Il direttore del CSJ Christian Guy ha osservato che i politici trovano sempre delle scuse per non aiutare le famiglie. Alcuni di loro affermano che la politica non debba interferire nelle questioni personali, altri ritengono che i cambiamenti nelle famiglie sono semplicemente parte della vita moderna, mentre altri ancora, addirittura negano che esista il problema del collasso della famiglia.

“Questo atteggiamento deve cambiare. Il collasso della famiglia è un urgente tema di salute pubblica” – dichiara Guy.“Porsi l’obiettivo di ridurre l’instabilità non equivale a criticare o stigmatizzare i genitori single o i loro figli” -  ha detto. Dobbiamo percepire che il sostegno al matrimonio “non è un’ossessione conservatrice  ma un tema di giustizia sociale”.

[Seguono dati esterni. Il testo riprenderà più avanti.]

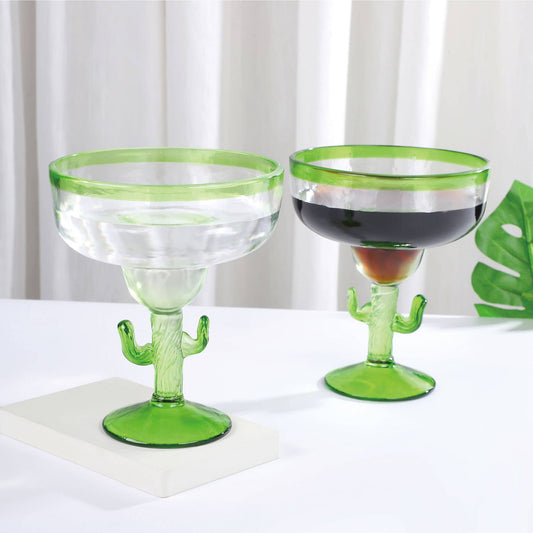 Cactus Acrylic 18 oz. Margarita Glass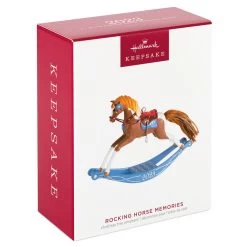 Hallmark Rocking Horse Memories 2023 Ornament -Hallmark Rocking Horse Keepsake Ornament 1799QXR8089 04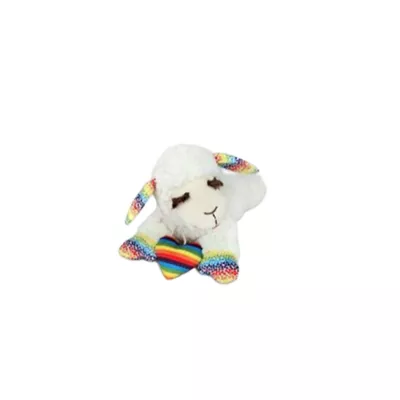 Multipet Lamb Chop Rainbow Heart Dog Toy - Image 1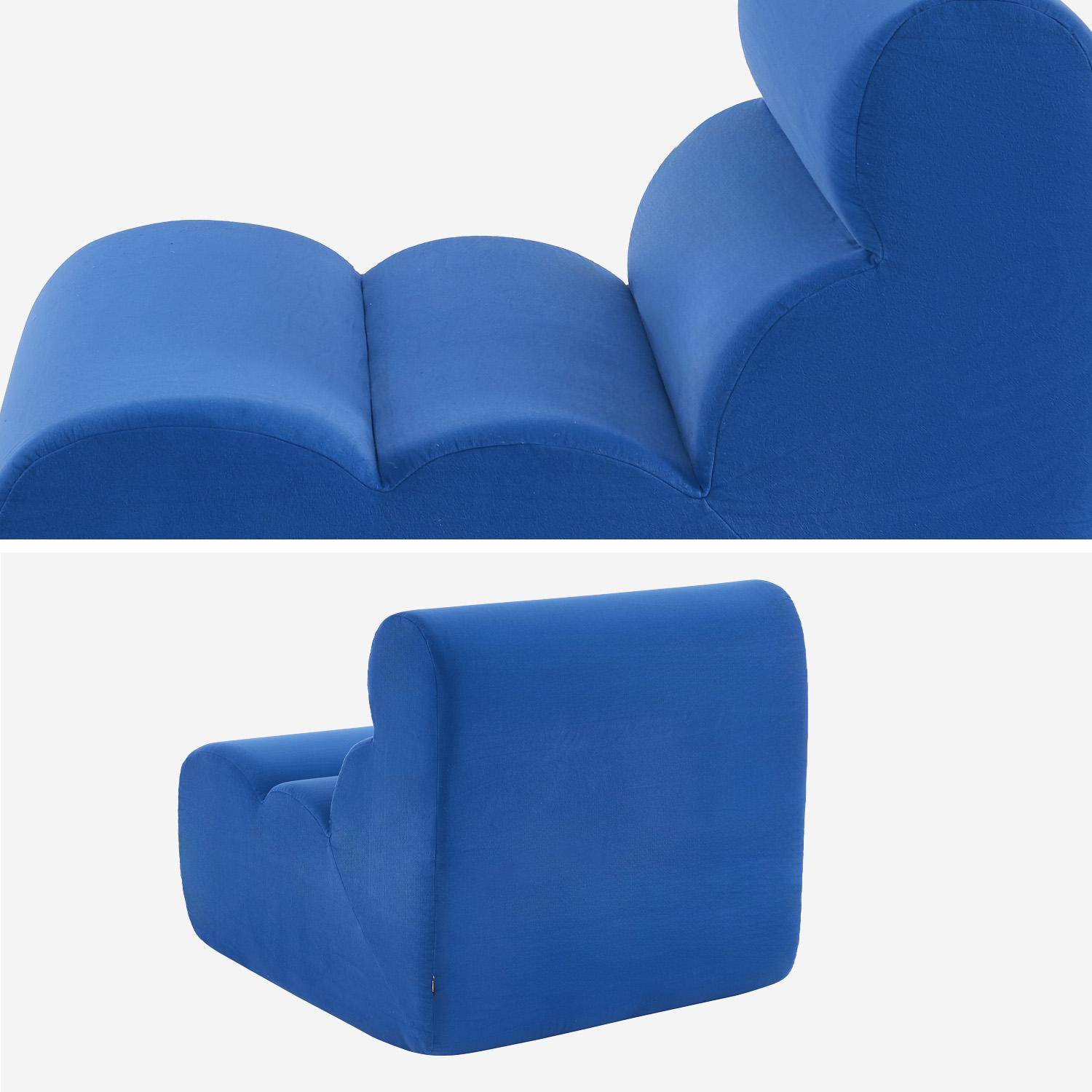 Sofá modular en tela simple, 2 plazas, Nova tela simple, 81x99x75 cm Photo4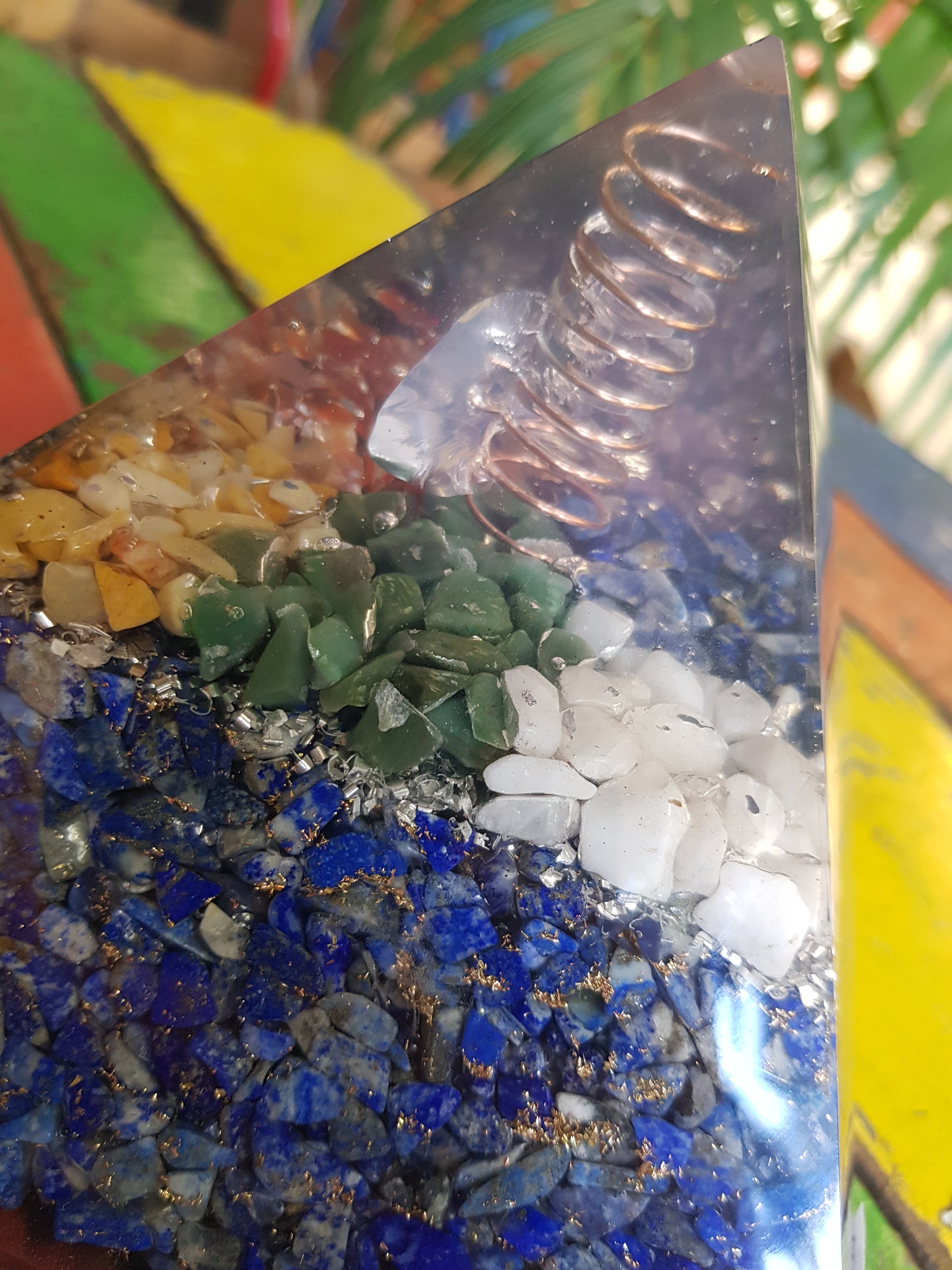 Lapis Lazuli Chakra  - Orgone Pyramid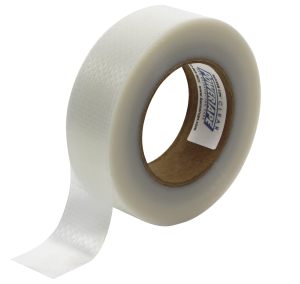 Roll of clear Banner Ups PowerTape adhesive tape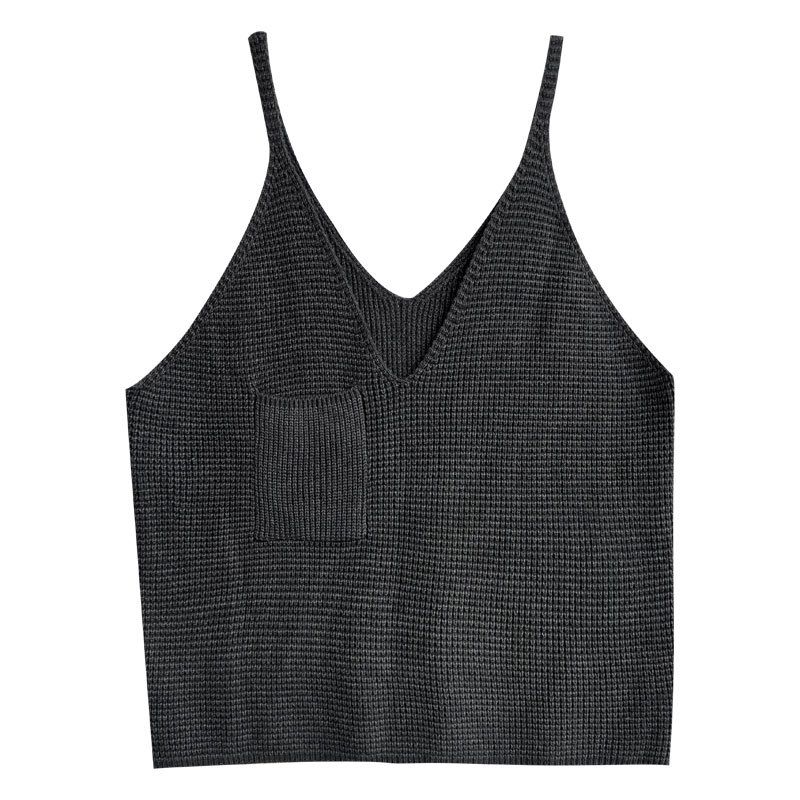 K Retro Lazy Style Knitted Vest Women's New V-neck Loose Sleeveless Vest_ecoleips.com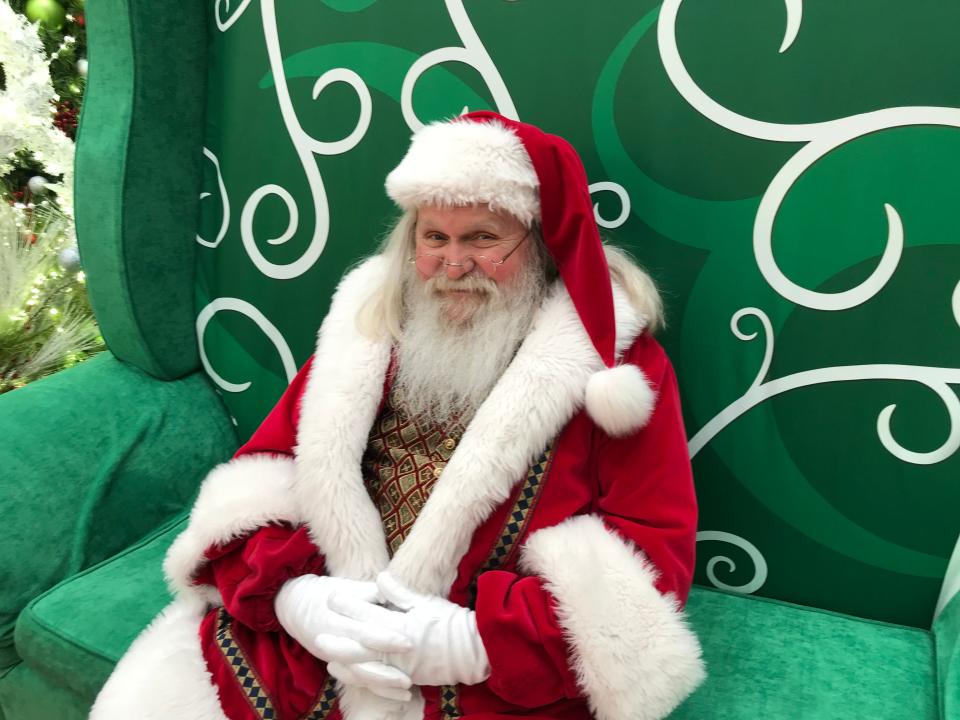Avoid line by scheduling a Santa photo online.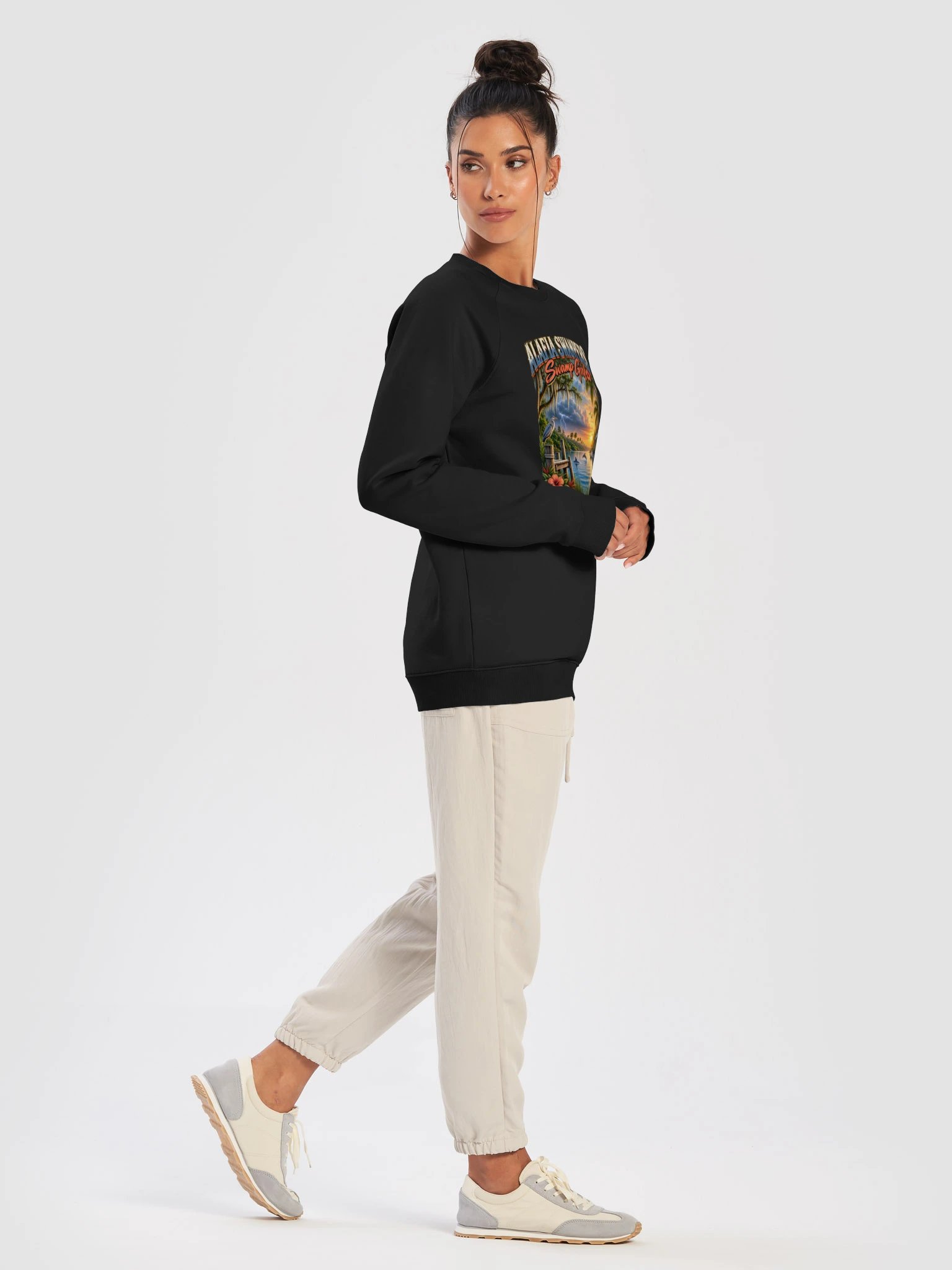 She's the Sun & the Storm Organic Raglan Sweatshirt product image (19)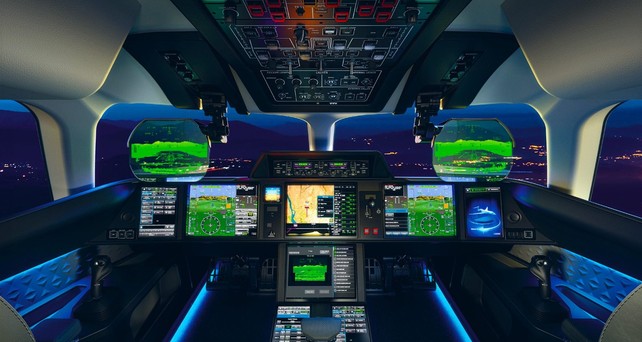 Falcon Eye in der Falcon 6X: Der irische Regierungsjet ist nicht mit dem System ausgestattet. 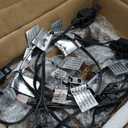 EDISHINE Low Voltage Landscape Lighting, 12V 3W 3000K Warm White, Electric Outdoor Bollard Lights with Connectors, Waterproof LED Pathway Driveway Walkway Lights Wired for Yard Garden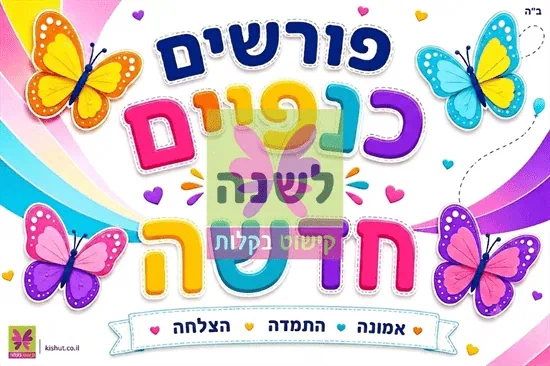 ערכה לפתיחת שנה "פורשים כנפיים"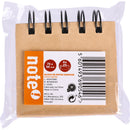 Bloco Notas Aderente 7,5*5Cm 25 Folhas 4 Unidades Note!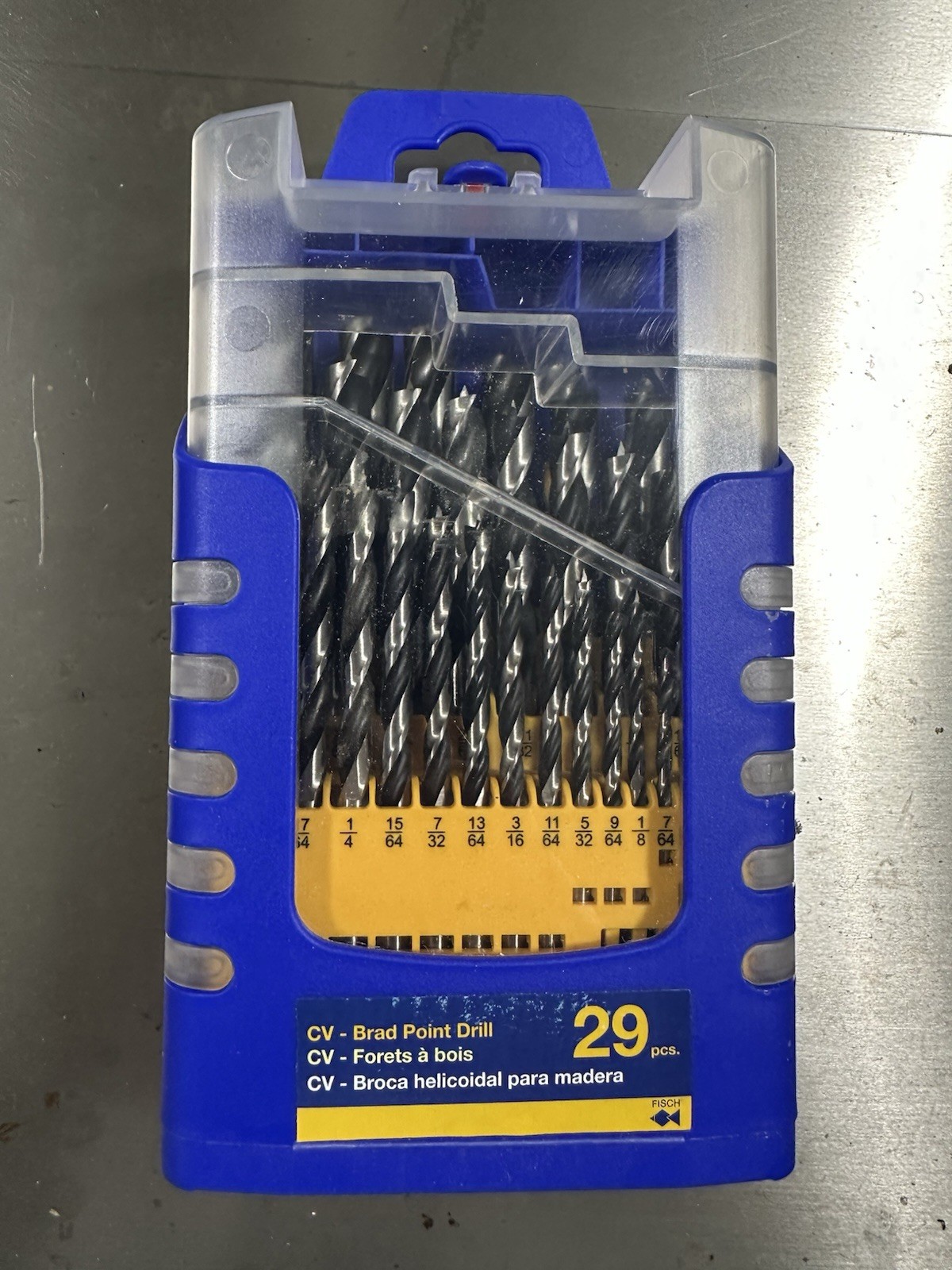 Fisch 29-Piece Imperial Brad Point Chrome Vanadium Steel Drill Bit Set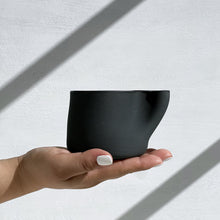 Load image into Gallery viewer, The Carbon Black Infinity Shaped Mug
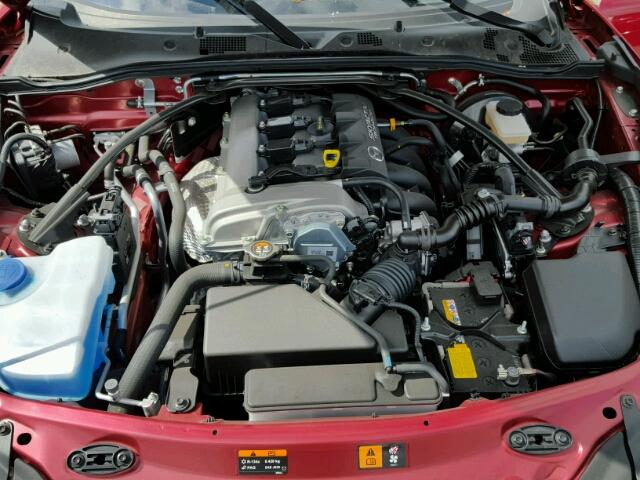 JM1NDAC70H0120630 - 2017 MAZDA MX-5 MIATA RED photo 7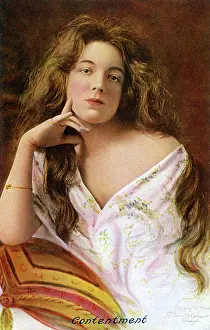 Dishevelled: Contentment - A slightly dishevelled, yet happy, young lady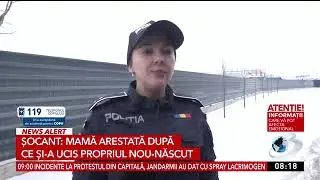 Mamă arestată după ce și-a ucis propriul nou-născut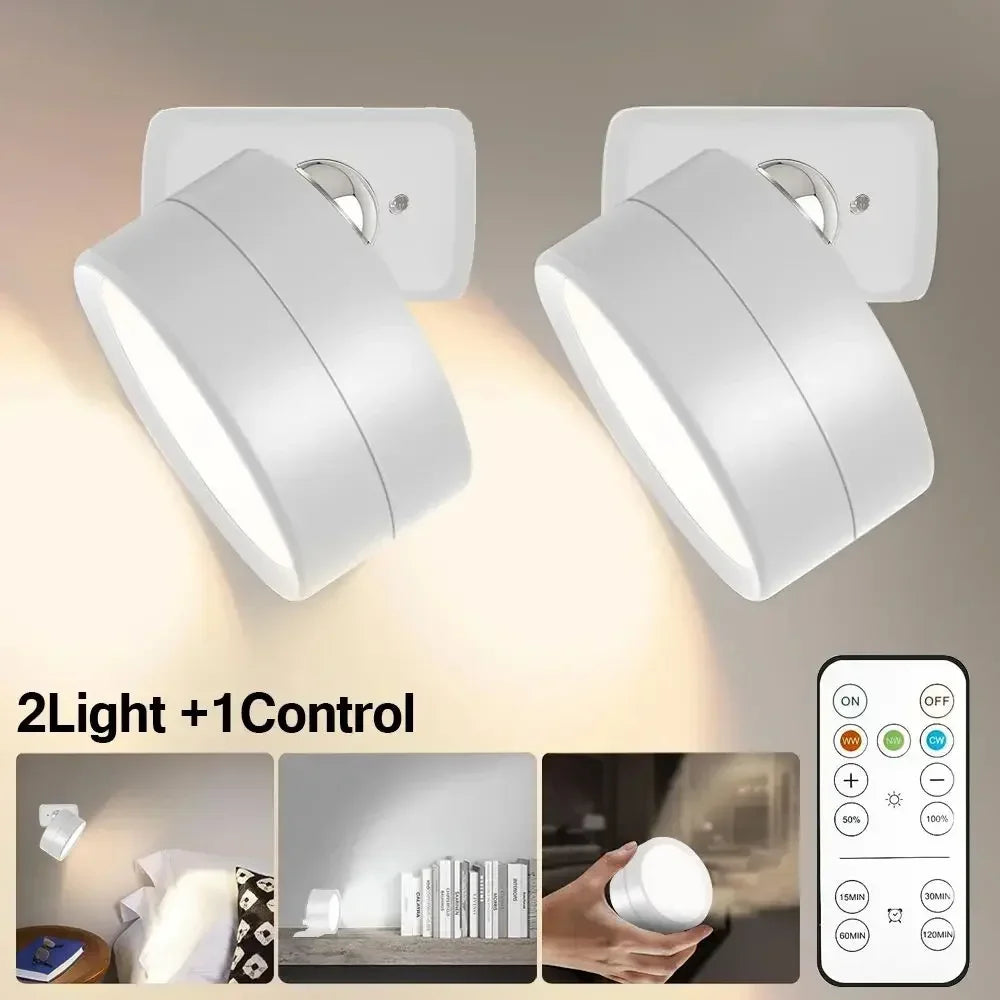 Aplique de pared magnético recargable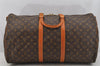 Authentic Louis Vuitton Monogram Keepall Bandouliere 55 M41414 Boston Bag 6272I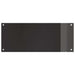 Keukenachterwand 2 st Zwart 100 x 40 cm gehard glas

E qui siamo al nocciolo della questione. A meno di non volere giocare con le parole da qui, anche da qui, dal rapporto tra crisi e relativismo etico, bisogna partire per ripensare su nuove basi il tema  della “giustizia sociale”. Che non può evidentemente ridursi ad essere uno slogan usurato, un auspicio, un  tranquillante per le coscienze, un passaggio di routine in qualche sbiadito appello elettorale, ma deve partire dalla realtà, misurarsi sui numeri e le ragioni della crisi, evidenziare lo stretto rapporto tra ruolo della famiglia e crescita sociale, tra tenuta della società e tutela dell’istituto familiare, tra deficit esistenziali e deficit economici. Prenderne atto vuole dire attivare le doverose contromisure. Fare finta di niente o peggio falsare la realtà significa condannare le future generazioni ad una crisi cronica.